Lalu Mas Firman tiba-tiba menggeser duduknya mendekatiku dan menatapku malu-malu.

"Hmmm ... Maaa ... udah lama nih, hehe ..." ucap Mas Firman menaikkan kedua alisnya.

"Kode, Pa?" tanyaku sambil tersenyum, aku sudah mengerti maksud Mas Firman.

"Hehehe ... Mama ngerti aja, heeee!" Aku senang Mas Firman mengajakku bercumbu malam ini.

Baru saja kami sedang asyik-asyiknya menikmati surga dunia, terdengar suara benda terjatuh di luar kamar.

Gudubrak!

"Apa itu, Pa?" ucapku sedikit takut.

"Gak tahu, Ma?" Mas Firman segera memakai celana piyamanya.

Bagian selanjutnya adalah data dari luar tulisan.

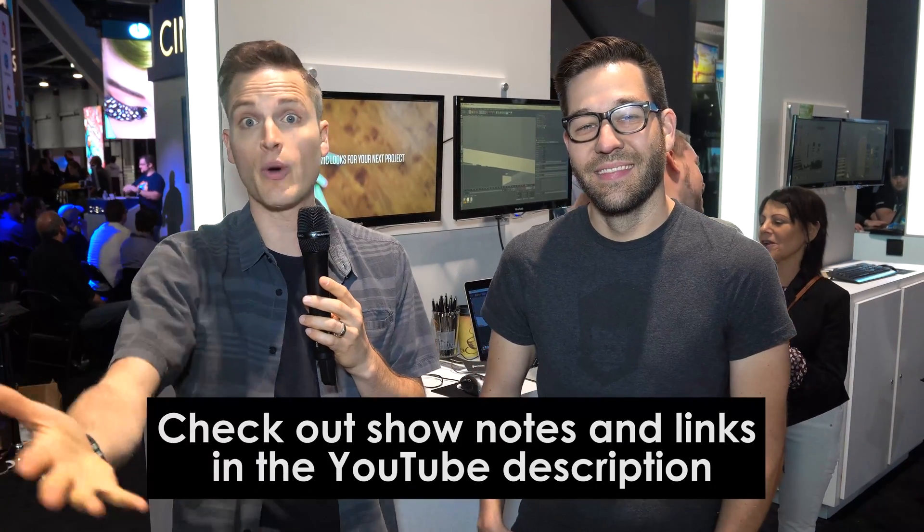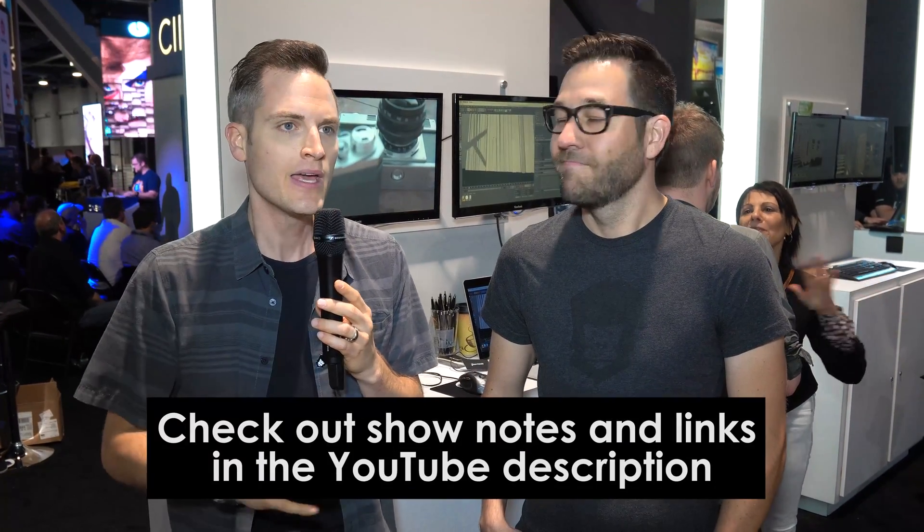You can check everything out in the description below, and if you want to grab 10% off, use the promo code THINKMEDIATV. Grayscale Gorilla is a 3D training site — we help motion designers get their job done faster. We've built tools from lighting to texturing to LUTs to help any motion designer create motion graphics. If you're interested in 3D animation, maybe you're an After Effects user and you've always wondered about flying logos and type spinning around — that's our industry. Come visit Grayscale Gorilla, watch our training, check out our tools, and we're here to help.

Dia membuka pintu kamarnya, aku pun mengikutinya dari belakang.

"Ada apa, Pa?"

"Ini, bunga hiasan jatuh, Mah!" Mas Firman mengambil Vas bunga dan bunga hiasan yang terbuat dari plastik itu dari lantai tepat di depan pintu kamar.

"Kok bisa jatuh yah, padahal ini kan ada di pinggir, aneh ...!" Mas Firman berucap pelan, tapi aku masih bisa mendengarnya.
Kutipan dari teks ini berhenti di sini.